Book Review: Crossing Over / Author: Anna Kendall / Publisher: Gollancz / Release Date: June 24th
In fantasy novels, young boys with mysterious powers are ten-a-penny, it seems. Anna Kendall’s Crossing Over also comes equipped with a teenage boy with an unusual ability; he has a supernatural talent that allows him to journey to the land of the dead. The main protagonist, a rather unfortunate chap called Roger, is a rather miserable creature. Not only is he an orphan left in the care of an abusive family, he’s a massive coward and more than a bit of a fool. Disaster inevitably strikes and our hero runs from misfortune to misfortune, all the while moaning about his plight and regretting his existence.
In a way, Crossing Over is a sort of beginner’s version of a Robin Hobb novel; strange magic powers, a hostile world and a main character who whines constantly, but in a way that keeps the reader’s sympathy. However, unlike Hobb’s work, Kendall has a looser grip on her world, and many of the situations the hero of Crossing Over encounters seem overly contrived and slightly jarring; our hero has no control of the world around him, and is more of a victim of circumstance than the main character in a novel. They are unreliable narrators, and there are damn near treacherous ones. Roger certainly falls into the latter category, and this does lend the book some character.

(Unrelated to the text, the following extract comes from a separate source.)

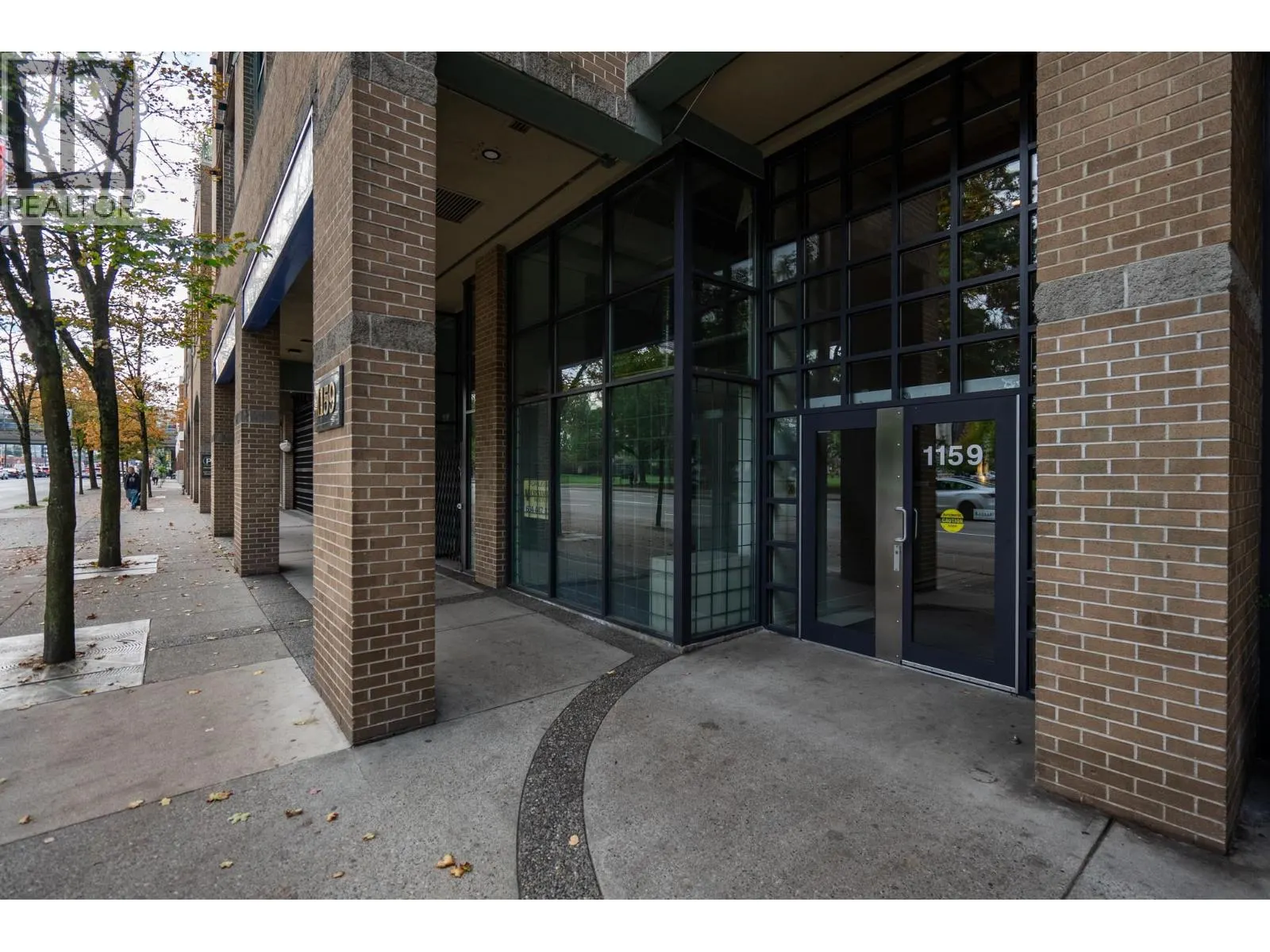 301 1159 MAIN STREET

What saves Crossing Over from mediocrity however, are a number of rather lovely twists. Though not entirely unexpected, they are wonderfully dark and inspired, and keep the reader on their toes all the way to the end. Be warned that this is the first part of a trilogy (like most fantasy novels), and the conclusion is written with this in mind, which is a pity as it could really do with being self-contained and a little bit longer.